Problem description:
Your output should be exactly the lines from the one containing "4th Dimension S.A" through the final line of the following data, please, with no pictures.

Input:

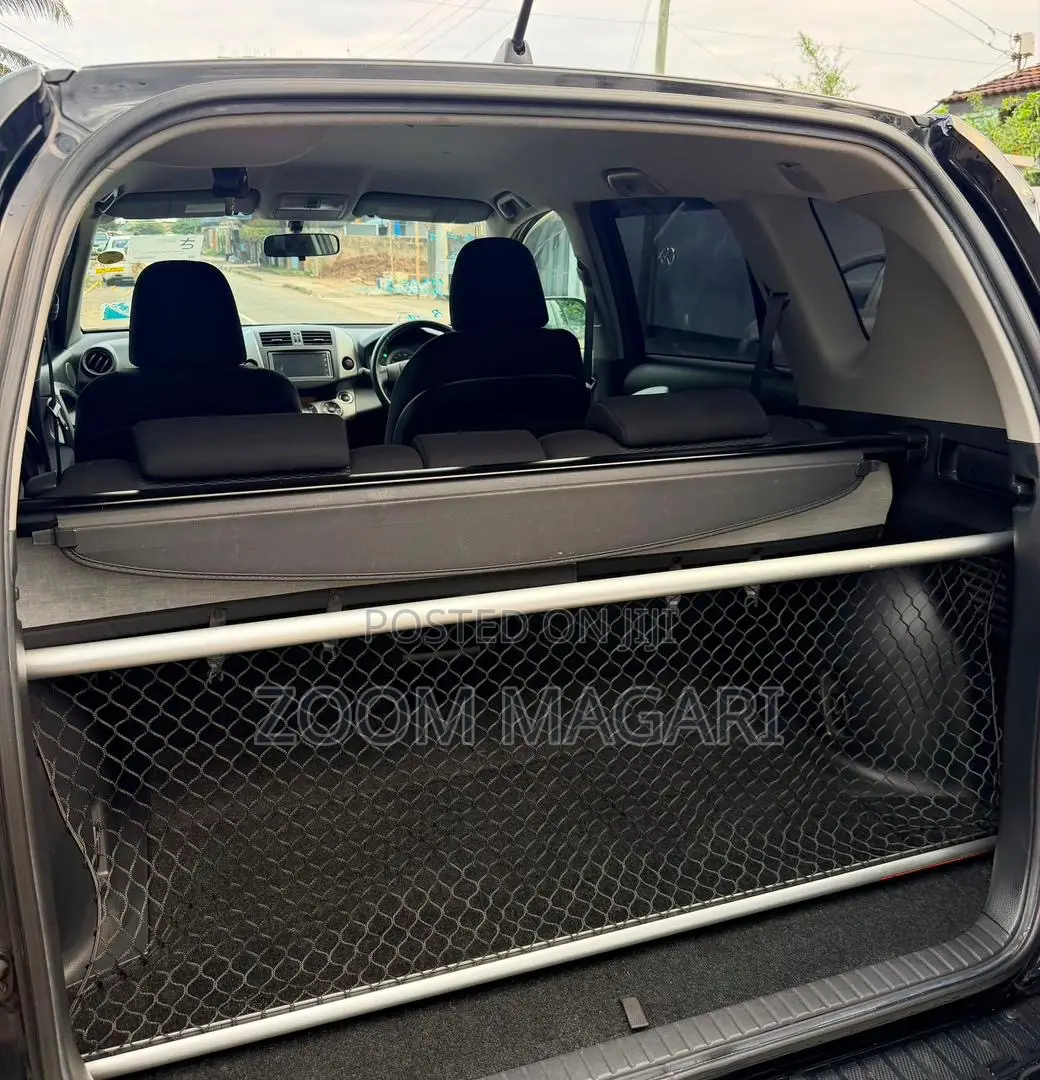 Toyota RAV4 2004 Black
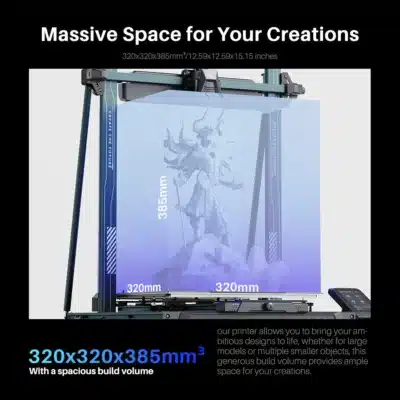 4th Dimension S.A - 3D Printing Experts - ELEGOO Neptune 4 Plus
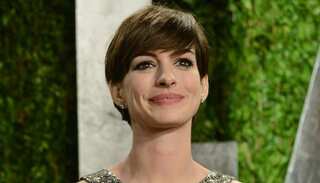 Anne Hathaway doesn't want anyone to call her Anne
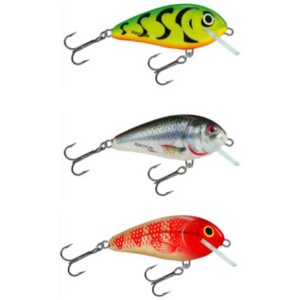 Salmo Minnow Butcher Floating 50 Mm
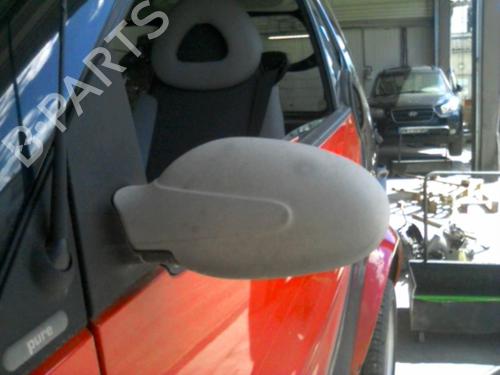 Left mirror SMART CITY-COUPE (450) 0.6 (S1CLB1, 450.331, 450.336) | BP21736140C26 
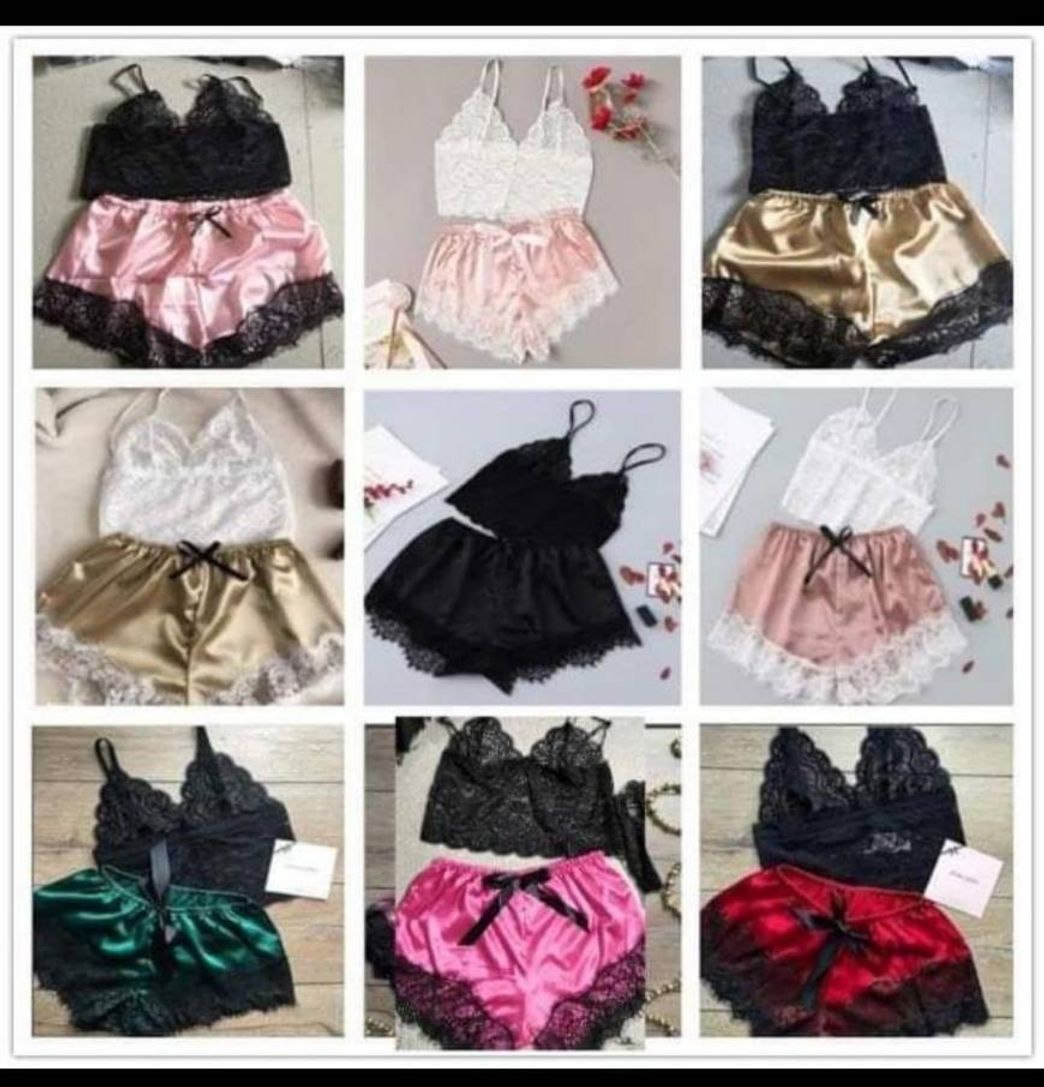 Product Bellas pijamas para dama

Task answer:
 4th Dimension S.A - 3D Printing Experts - ELEGOO Neptune 4 Plus
 Anne Hathaway doesn't want anyone to call her Anne
 Salmo Minnow Butcher Floating 50 Mm
 Left mirror SMART CITY-COUPE (450) 0.6 (S1CLB1, 450.331, 450.336) | BP21736140C26 
 Product Bellas pijamas para dama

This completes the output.